Git-LFS under the hood
When working with Git, you should know that cloning a repository will give you a full copy of nearly all the data that the server has.
This includes every version of every file in the repository.
Although Git does a fantastic job when it comes to storing files efficiently, this is not the case for binary files.
So... what happens when you store binary files (e.g., media files) in your repository?
How does Git even handle the versioning of such files? And what does your current setup do under the hood?
Let's take a look by simulating those scenarios in a test environment!
Why bother?
Since Git does in fact retrieve a full copy of your repository you might have already guessed that this can be especially problematic when
cloning a repository with many binary files that are changed frequently (e.g., large game assets like sprites, audio samples,.etc.).
Using git-lfs solves this problem and reduces your repository size while also speeding up the clone time.
Sounds great, right? Let's see how this works in practice.
How does git-lfs work?
To get an idea of how Git LFS works under the hood, we can install the lfs-test-server and use it as the LFS server for our GitHub test repository.
If you want to follow along or want to know how you can set up a LFS test server, feel free to read the Appendix section where the configuration is described.
Since we now have a local LFS server for testing purposes, we can start configuring our test repository to use it.
For this, we can create the following .lfsconfig
file, add it to our repository, and run git lfs install
to initialize Git LFS for our repository.
[lfs]
url = "https://localhost:9999/"
[http]
sslverify = false
For testing, I added the git-lfs-linux-adm64-v3.4.0.tar.gz
file to my repository and tracked it with Git LFS using git lfs track "*.tar.gz"
.
This creates a .gitattributes
file with the following content:
*.tar.gz filter=lfs diff=lfs merge=lfs -text
Ensure that this file is also added to your repository, so that collaborators also track *.tar.gz
files in the same way.
Git LFS also comes with a file locking API for collaboration, but I deactivated it for simplicity with the following command:
git config lfs.https://localhost:8080/.locksverify false
At this point, we have configured git
to use our local LFS test server, configured tracking for *.tar.gz
files, added the .gitattributes
file generated by Git LFS
to our repository, and also added git-lfs-linux-adm64-v3.4.0.tar.gz
to test our setup.
Once we commit and push those files to our remote server, we can see the following output:
Uploading LFS objects: 100% (1/1), 4.1 MB | 0 B/s, done.

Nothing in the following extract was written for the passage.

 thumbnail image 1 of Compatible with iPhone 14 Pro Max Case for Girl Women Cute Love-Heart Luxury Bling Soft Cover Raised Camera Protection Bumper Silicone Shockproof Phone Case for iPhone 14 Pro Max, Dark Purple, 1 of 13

Objekte aufzählen: 5, fertig.
Zähle Objekte: 100% (5/5), fertig.
Delta-Kompression verwendet bis zu 12 Threads.
Komprimiere Objekte: 100% (4/4), fertig.
Schreibe Objekte: 100% (5/5), 541 Bytes | 541.00 KiB/s, fertig.
Gesamt 5 (Delta 0), Wiederverwendet 0 (Delta 0), Pack wiederverwendet 0
The first line indicates that our LFS object was successfully uploaded. We can verify that by navigating to the management UI of our test server:
So... if the file is stored on the LFS... what is stored on the remote server?
This is where the pointer files come into play:
(The tar.gz
file is a text file on our remote server.)
The remote server only knows the name of the file through the text file, which points to the actual file and can be resolved on the client side via Git LFS.
You can find the actual binary file in the .git/lfs/objects/../..
-folder, as the pointer suggests:
To make this a bit more interesting, I changed our .tar.gz
file by unpacking it and removing some files.
After committing and pushing the changed file, we can see the following output again:
Uploading LFS objects: 100% (1/1), 4.8 MB | 0 B/s, done.
Objekte aufzählen: 9, fertig.
Zähle Objekte: 100% (9/9), fertig.
Delta-Kompression verwendet bis zu 12 Threads.
Komprimiere Objekte: 100% (7/7), fertig.
Schreibe Objekte: 100% (7/7), 3.22 KiB | 3.22 MiB/s, fertig.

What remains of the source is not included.